The original permission was granted under Kerry County Council reference 21/205.
The new application, maintains the total number of residential units at 67, but outlines several significant internal and external reconfigurations. The overall height and number of storeys for the development will remain unchanged from the scheme initially permitted.
The proposed modifications include a reconfiguration of the basement to incorporate water and attenuation tanks, a lift pit, and an ESB substation. Changes are also outlined for the ground floor, with modifications to the bicycle parking area, which will increase the total number of spaces to 136, and alterations to the bin area.
The plans detail a reduction in car parking spaces from the originally approved 80 down to 74, which will still include four accessible spaces. A substantial decrease is also proposed for the communal open space, which will drop from 719 square metres to 375 square metres due to the removal of a planned roof terrace.

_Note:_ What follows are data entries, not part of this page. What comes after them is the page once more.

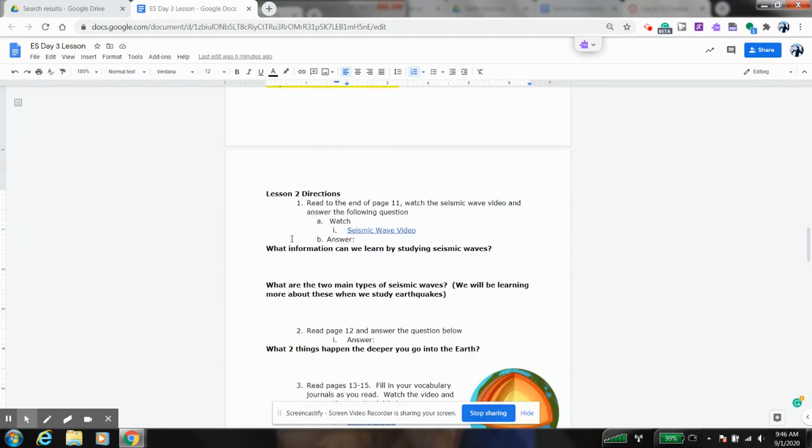So as we go through lesson two, the directions are pretty straightforward. You follow along, you're going to read, you're going to add to your vocabulary journal. There are videos about seismic waves.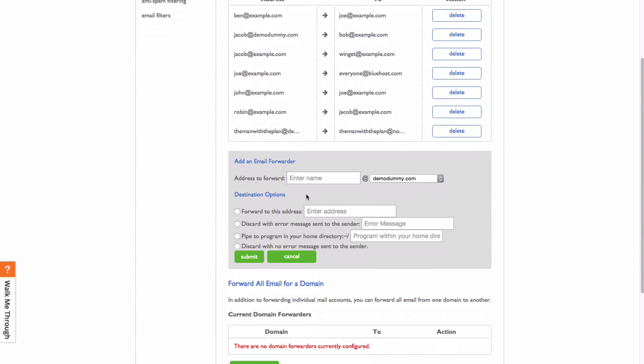First you need to enter the address to forward and make sure that you have the correct domain selected here.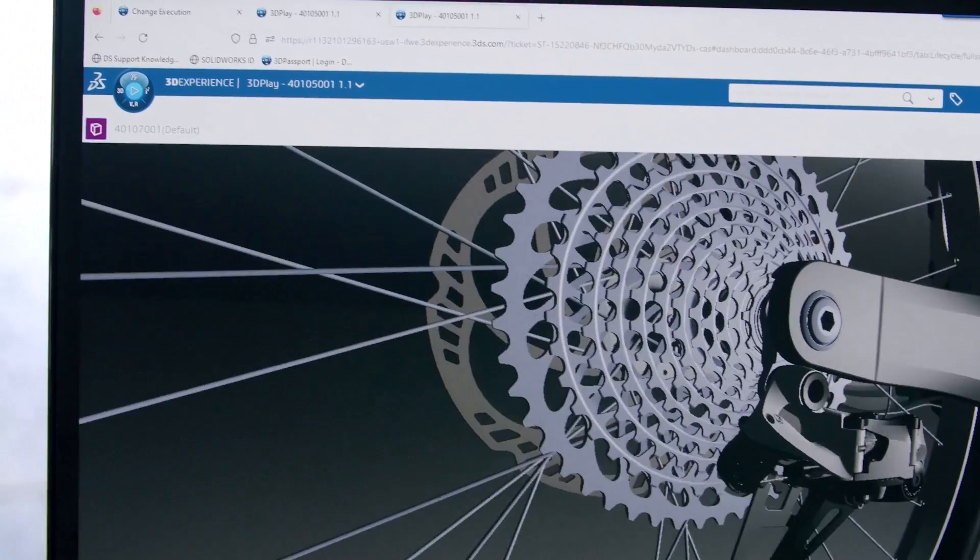Let's see how the Structural Designer on the 3DEXPERIENCE platform can help me virtually test my design to get better quality products to market quickly.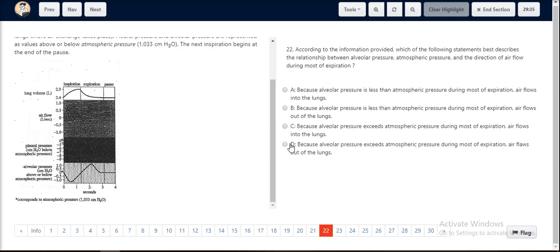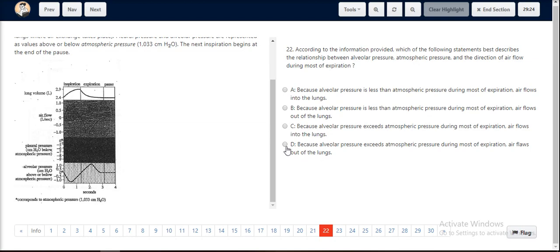Option D states because alveolar pressure exceeds atmospheric pressure during most of expiration, as we just saw, air flows out of the lungs. Hence, option D is the correct choice.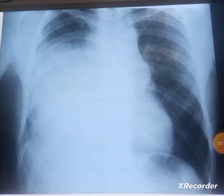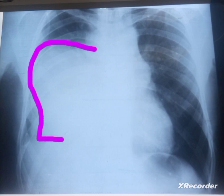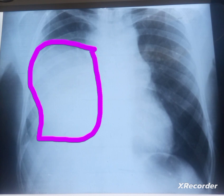This is Dr. Jangir, and you're watching my YouTube channel. Today we are going to discuss another very important chest X-ray. If you focus on this chest X-ray, you can see there is a homogeneous opacification of the right mid to lower zone, sparing the gastro-phrenic angle.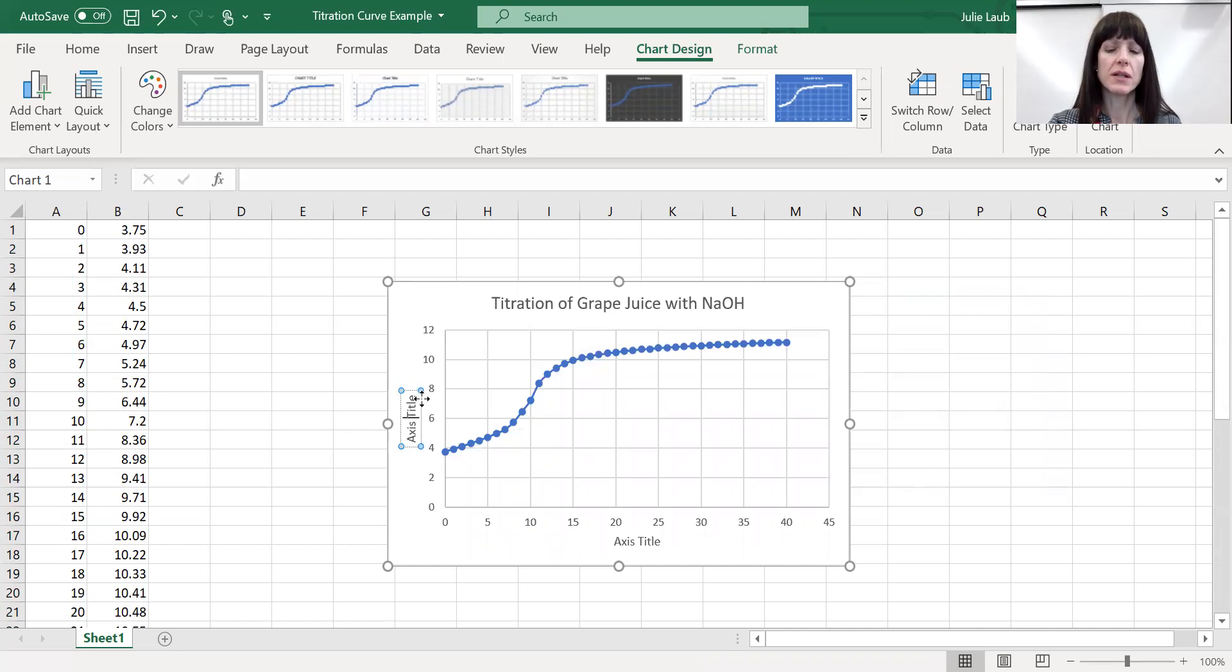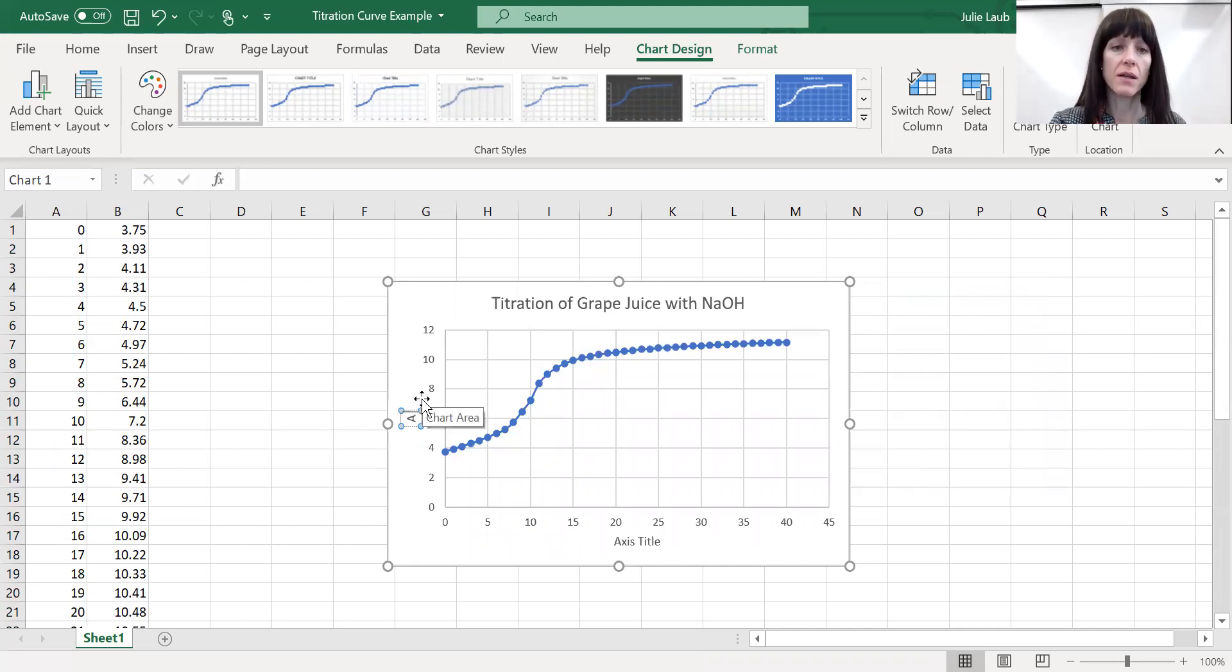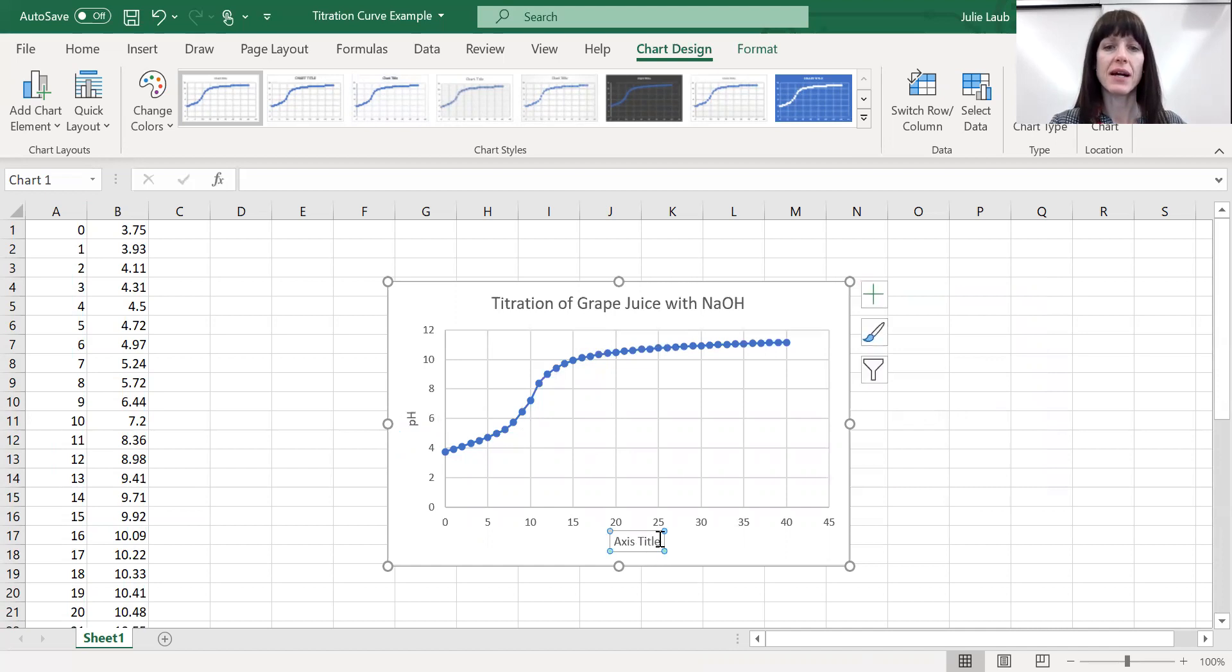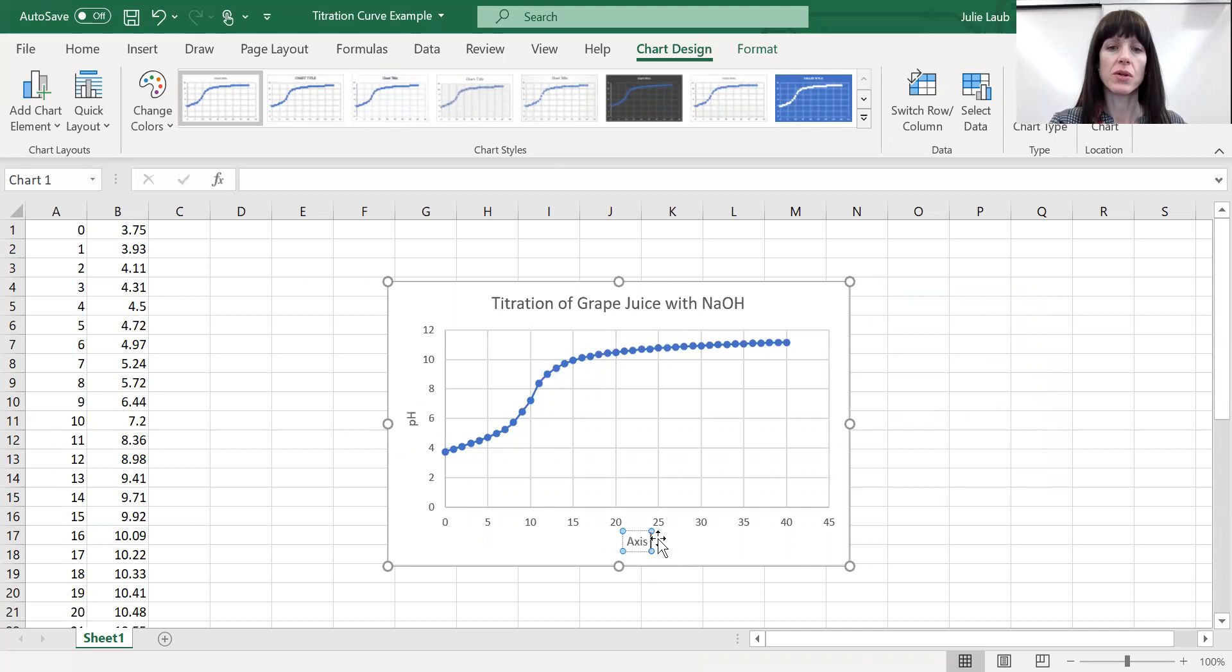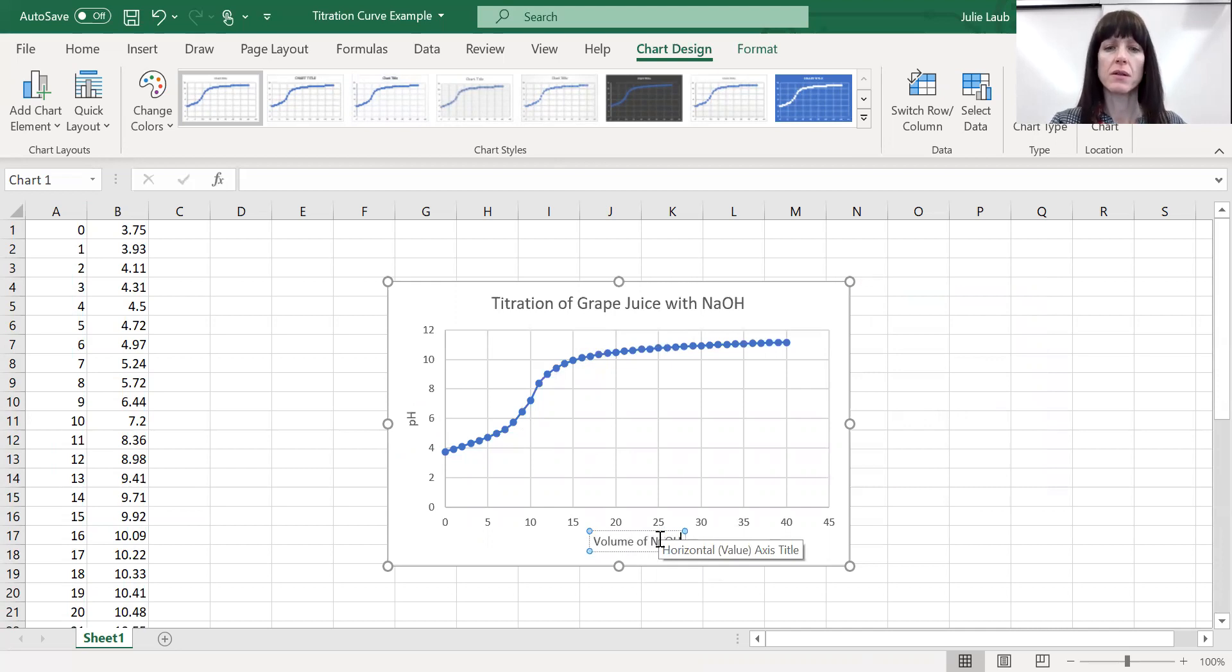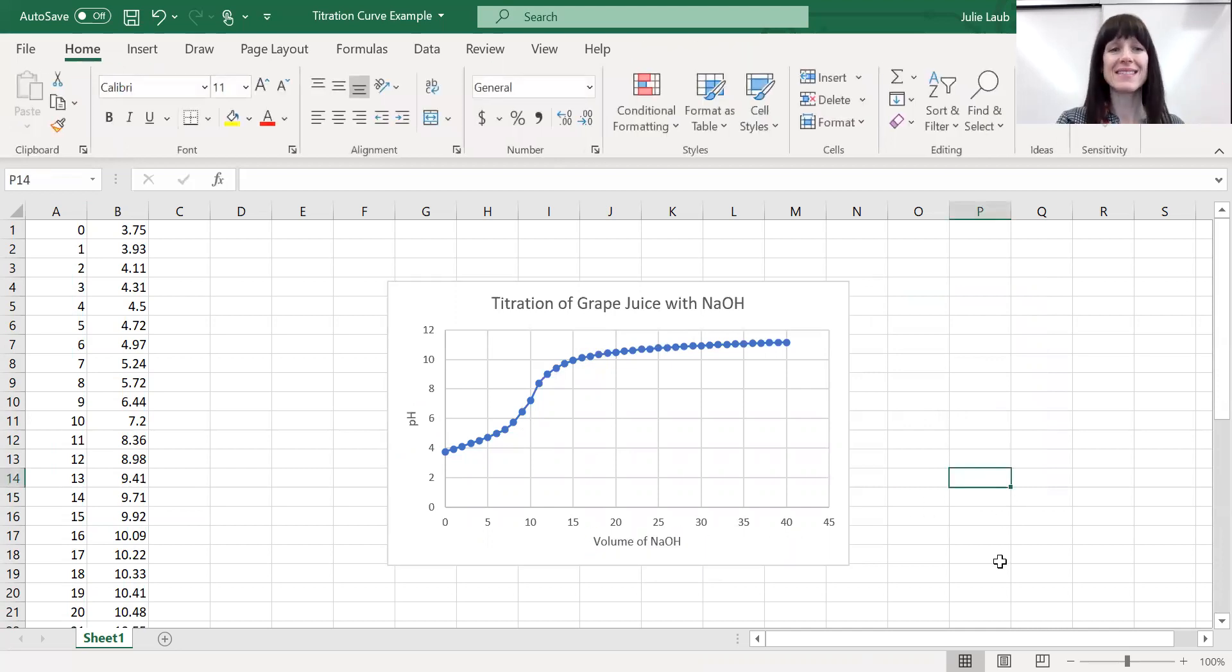So when you click inside of here and my, there we go. My y-axis was pH. So when you put pH there, my x-axis, let's clean this up a little bit too, is going to be the volume of the sodium hydroxide that we delivered. Okay. And nice. There you have it.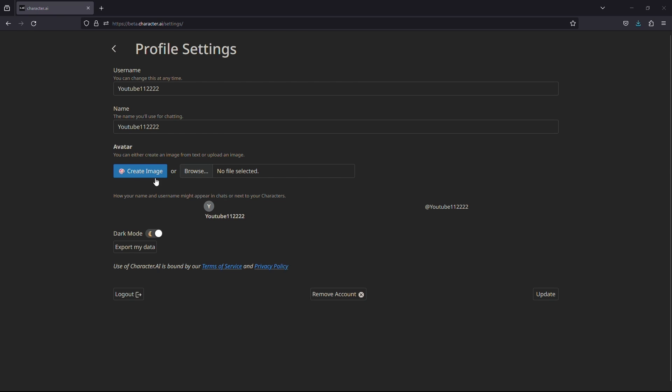You will reach this page where you will see two options under avatar: create an image or choose file. If you don't have a profile picture, you can use the first option. It will use AI to create an image for you that you can use as a profile picture.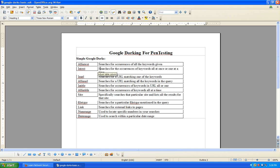So you have 'allintext' — that basically searches for occurrences of all the keywords given. You type in 'allintext:' quote 'admin area' end quote and hit search on Google — it's going to search for all keywords on a given website, any kind of metadata that's in the website. The next one is 'intext', which is kind of like allintext but searches for occurrences of keywords all at once or one at a time. I usually just use intext unless you want to be very specific.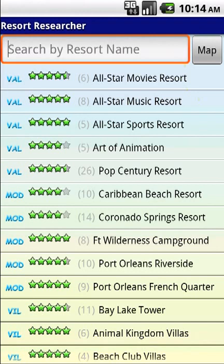We hope you've enjoyed our little demo of our brand new Resort Researcher version 2.0 for Android. Thank you very much.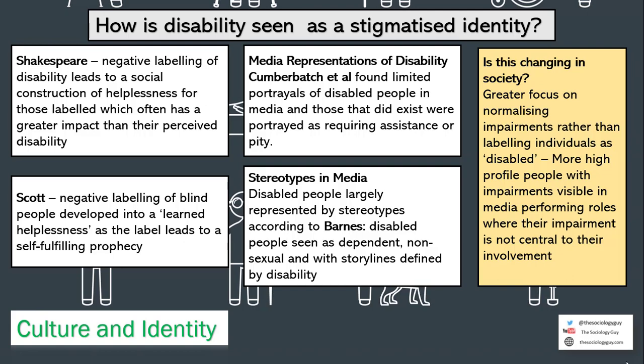The next question looks at disability and how it is seen as a stigmatised identity. Shakespeare talks about the negative labelling of disability and how it develops a social construction of people as helpless — viewing people as disabled rather than as having an impairment. Scott also mentioned this, discussing the negative labelling of blind people and how it developed into a learned helplessness as people internalised the label and it became a self-fulfilling prophecy. Cumberbatch et al. and Barnes both found that disabled people were negatively labelled in the media, although this is starting to change — we're seeing more positive representations of people with visible and invisible disabilities in UK media, even if it's still not equal.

Internal layouts and circulation routes on each floor will be altered, with the final unit mix proposed as 33 one-bedroom and 34 two-bedroom apartments. The changes will result in an increase in the total gross floor area of approximately 871.5 square metres.
Focus Housing Association is seeking permission for the temporary removal and subsequent rebuilding of an existing retaining wall adjacent to the N22 Bypass Road. The wall will be rebuilt to match its existing height and material finish.